Sometime later, Joshua’s cellmate gave him Ellen G. White’s book Patriarchs and Prophets. “I had no idea it was a Seventh-day Adventist book, but I became so hooked by the narrative that I read 150 pages in one sitting,” he recalls. “In fact, I read it twice in just a week.”

Looking back, Joshua thinks God was working things out. Sometime later, a new channel was added to the TV offerings in prison. The new channel included a “Revelation of Jesus Christ” seminar by Leo Scriven. “I ended up studying the Bible with my cellmate, who was in prison after killing two people,” Joshua said.

An Encompassing Explanation

About a year later, Joshua was moved to a new cell. One morning, as he was preparing to exercise, he found two stacks of books taped together.
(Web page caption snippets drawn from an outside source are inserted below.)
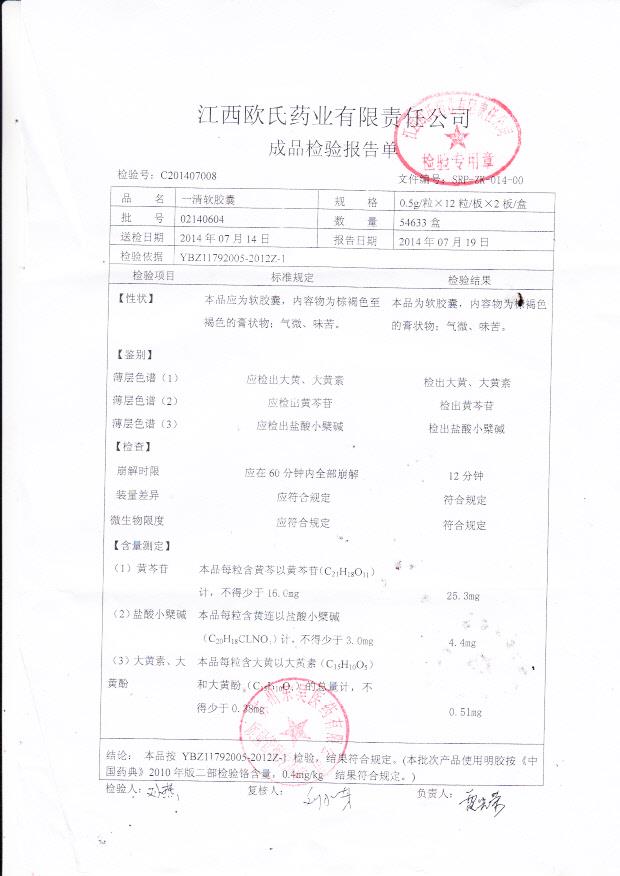 02140604一清软胶囊_0001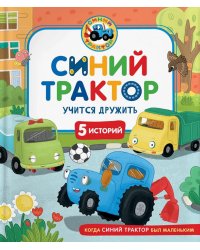 Синий Трактор учится дружить: сказки
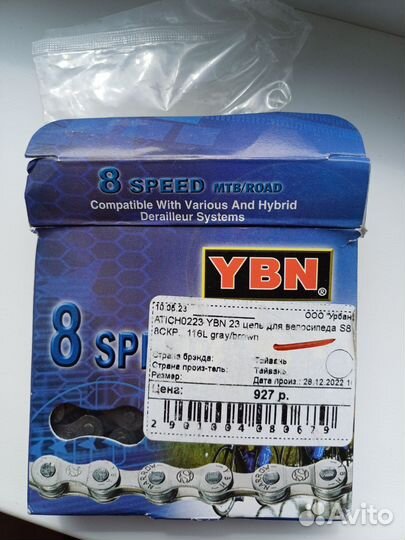 Велосипедная цепь. Новая. 8 скоростей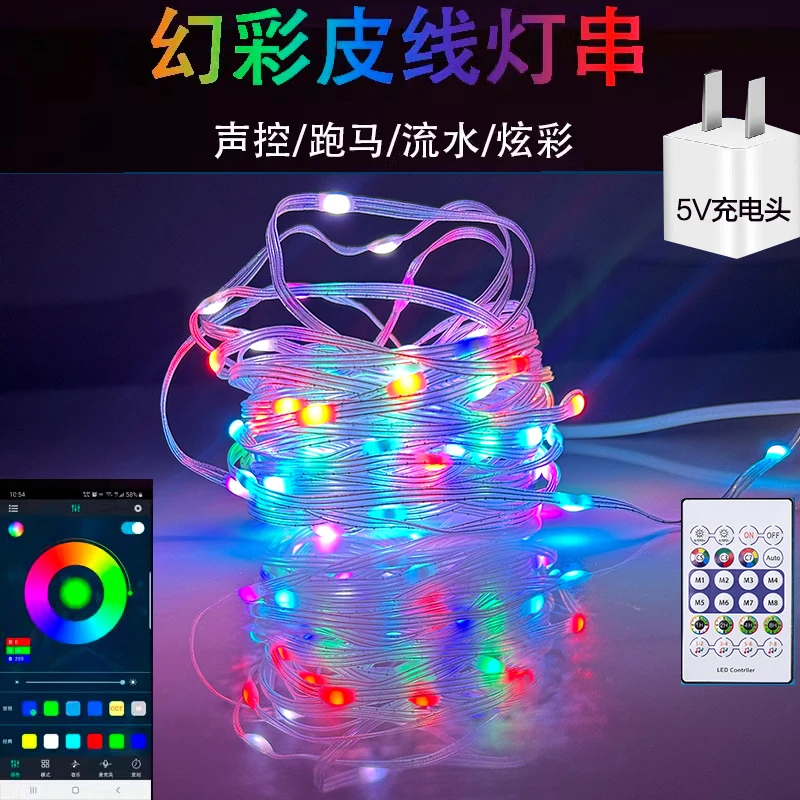 可调亮度防水炫彩皮线灯LED光源蓝牙5V串串灯幻彩流水幻彩的灯带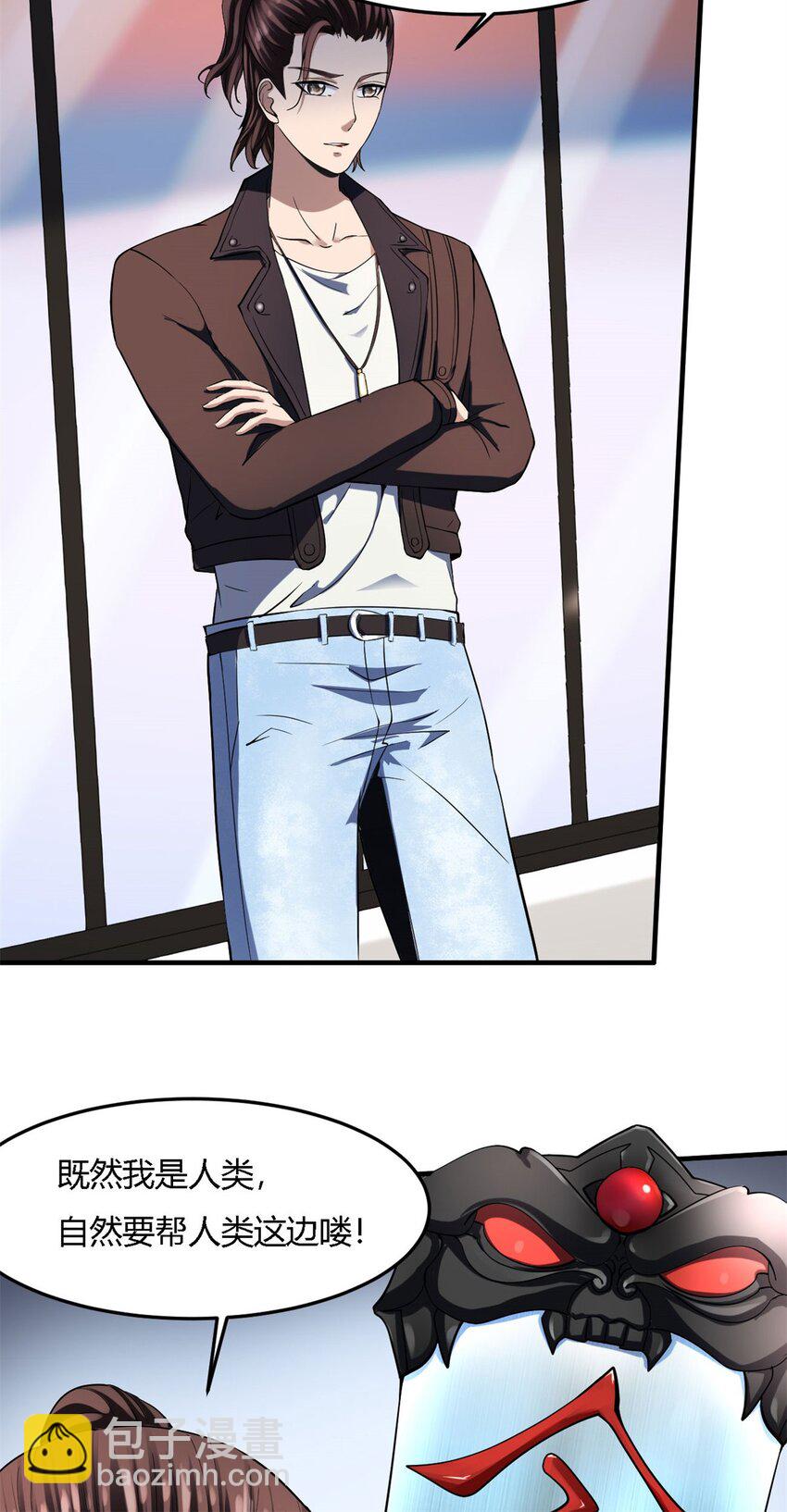 反派妖婿 - 20 第19話：很囂張？ - 6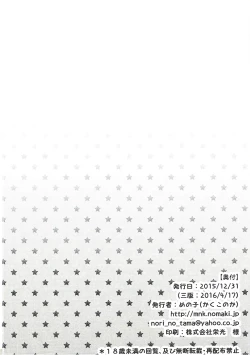 Page 29 of Boku no Ichinichi Gentei Kanojo wa Otokonoko Idol!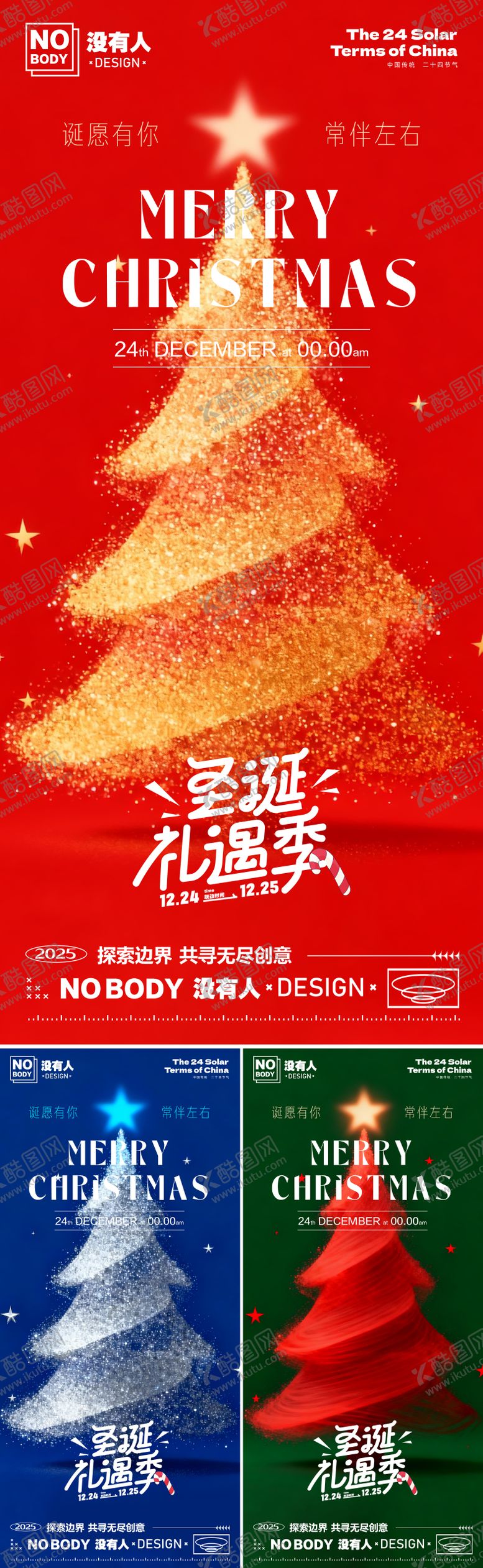 编号：58800112181153042543【酷图网】源文件下载-圣诞节系列创意海报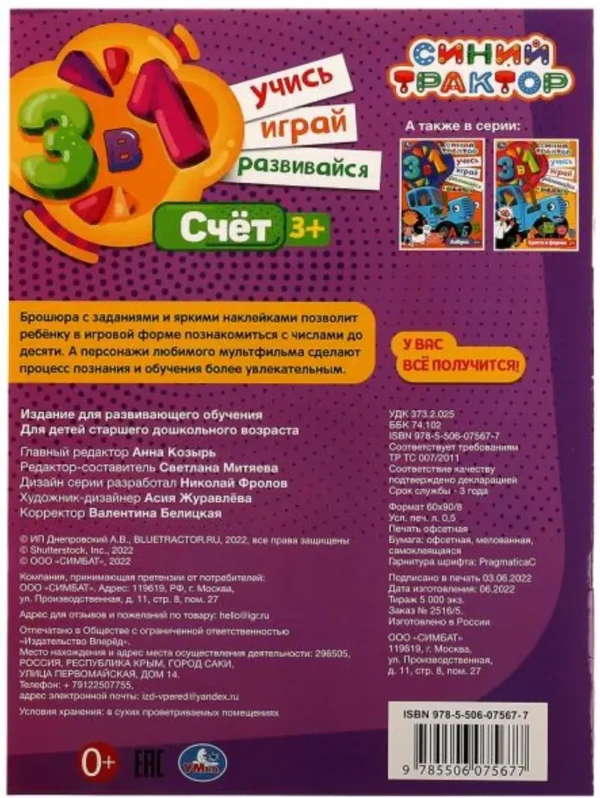 Синий трактор. Счёт. Учись! Играй! Развивайся!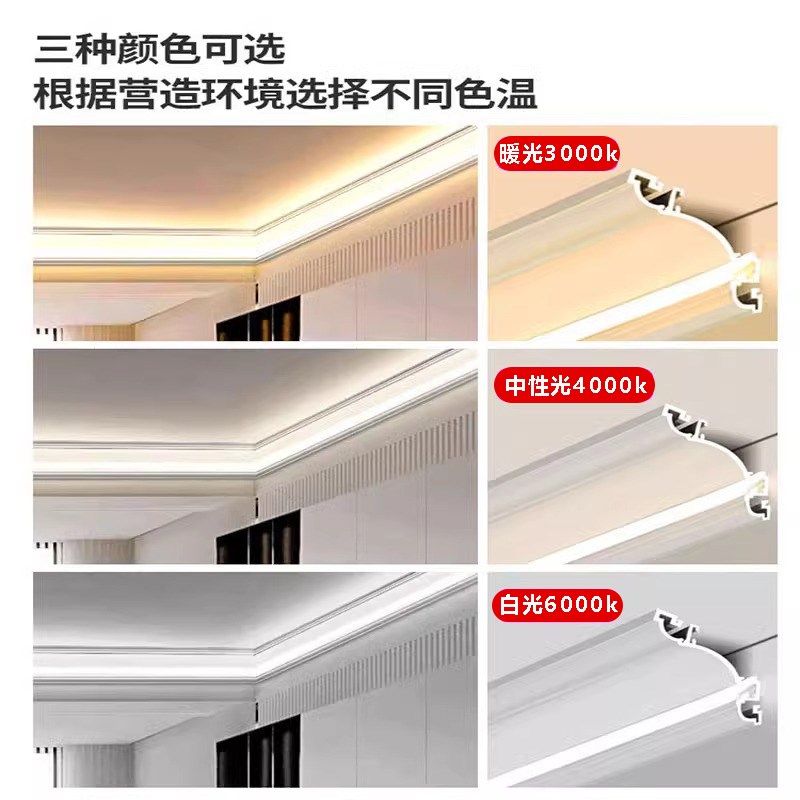 免悬吊式天花板免开 槽明装灯带灯槽一体铝合金彷石膏线 线型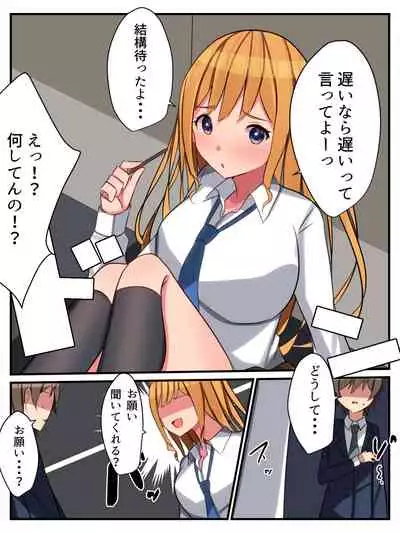 I can not refuse the request of Yang Cagyal! ?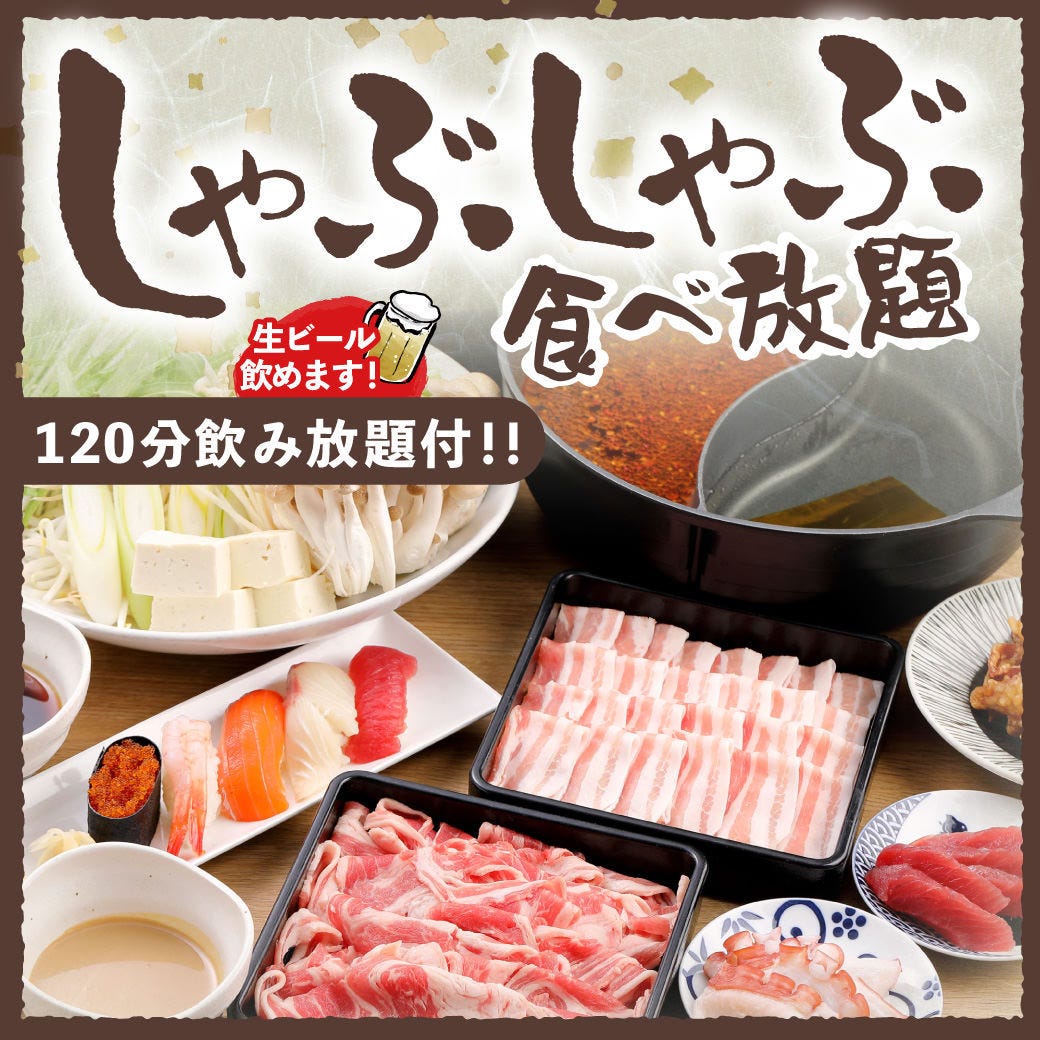 大好評！しゃぶしゃぶ食べ飲み放題！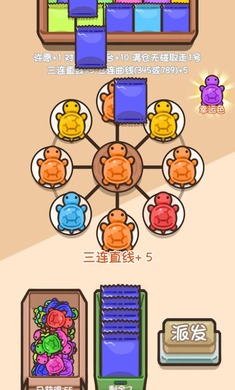 乌龟对对碰手机版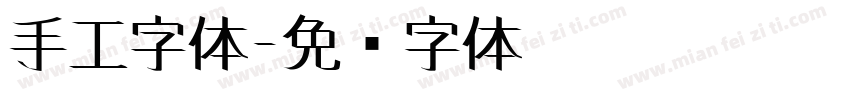 手工字体字体转换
“Those stacks were useful to do push-ups on,” Joshua says. “But as I was doing my push-ups one day, I saw that one of the books had a strange title — The Great Controversy. I decided to untape it and read it.

“Soon it all started to make sense to me,” Joshua says. “I learned about the devil and the cosmic war between God and Satan. I also learned about God’s remnant church for the time of the end.”

Eventually, Joshua was baptized, and through a series of what he calls miracles, he was set free in November 2010.

Subjects of God’s Grace

Joshua’s struggles did not end with his newfound faith and freedom. At the time, he says, he didn’t understand health principles or what abiding in Christ was about.

“Once out of prison, I stopped my readings and faded away from church,” Joshua laments. “Somehow, however, the Lord spared me.”

The road to recovery was long and riddled with setbacks. “Since I was a teenager, I had learned to bond with my mom, a hardcore addict, over drugs,” Joshua confesses. “Now in rehab and even with our ups and downs, we began to bond over Jesus.”

In 2017, Joshua was rebaptized and his mom was baptized into the Seventh-day Adventist Church. Now a theology student at Ouachita Hills Academy in Arkansas, Joshua believes that only the grace of God has brought him this far.

In early August 2018, Joshua told his story at the Adventist-Laymen’s Services & Industries (ASI) Convention in Orlando, Florida. “There is no reason for me to be alive,” Joshua told the audience. “But I know God delights in taking hopeless cases and make them subjects of His grace.”